What is a Cultured Pearl?

A natural pearl is a product of an oyster or mollusk that an irritant has accidentally found it’s way into the mollusk tissue, with no human intervention.  The irritant (intruder, parasite), entered naturally, causing the irritation, causing the mollusk to produce the conchiolin and nacre that will produce a Pearl.

In a cultured Pearl, man implants an irritant, a mother of pearl bead that is called the nucleus.  The process by which the cultured pearl is produced is similar to that of the natural pearl.  The mollusk produces the conchiolin and the nacre, coating the irritant, the intruder, coating it layer after layer and producing the finished pearl.  The oyster or mollusk controls the pearl product it will produce, humans wash the mollusks periodically, control their food, maintain constant water temperature and control pollutants.  


It takes several years to raise a mollusk and produce a fine pearl, the more thicker the nacre of a pearl, the more years it takes to produce the pearl.

 

 

 

The Cultured Pearl
By Nicholas Paspaley

 

To understand today’s cultured pearls, one must delve a little into the origin of the natural pearls of yesteryear.  The key to understanding natural pearls is to know the differences in the “mother shell” or the “host oyster” which produces the pearl.  Not all pearls are born equal, hence the wide variation in appearance and value of both natural and cultured pearls. 
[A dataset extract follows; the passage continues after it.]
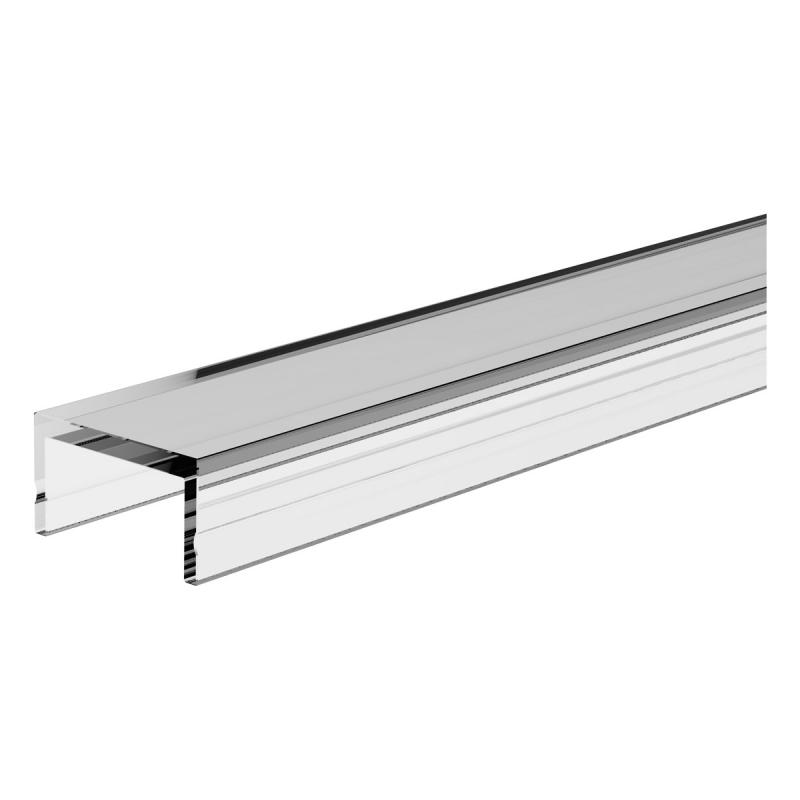EVN Abdeckung für Aluminium-Profil, klar KAK200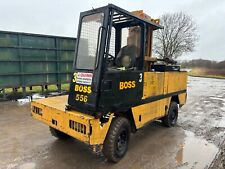 BOSS 556 SIDE LOADER FORKLIFT PERKINS ENGINE , STRAIGHT FROM WORK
The world’s oceans contain many oysters, most of which can grow a pearl of some form.  Most relatively abundant oysters have no commercial value in a pearling sense because they produce nether mother-of-pearl (the material that makes the knife handles and buttons) nor pearls of significant value.  Pearls produced by these oysters were referred as in natural pearl days as “seed pearls.”   They were quite common, inexpensive and were used mostly in embroidery and semi-precious jewelry. 

Mother of pearl shells are one of nature’s true mysteries.  In the depths of the ocean the shells, horny and brown on the outside, are lined inside with thick layers of mother- of -pearl nacre and iridescent beauty.  Most intriguingly, they isolate any  intruder by secreting it with concentric layers of nacre to produce a pearl, one of the most magnificent objects known to man! 

These mother-of-pearl oysters are members of the “Pinctada” family and are responsible for almost all the world’s great natural pearls.  Only two are truly valuable for their nacre.  The rarest, largest (average size 10 inches) and most valuable is the giant Silver and Gold lipped “Pinctada Maxima” from the South Seas - the waters of Northern Australia, Indonesia, and the Philippines, Thailand and West Burma.  The other is the smaller (average size 6 inches)  and more abundant Black lip Pinctada Margaritifera from Tahiti and other tropical oceans.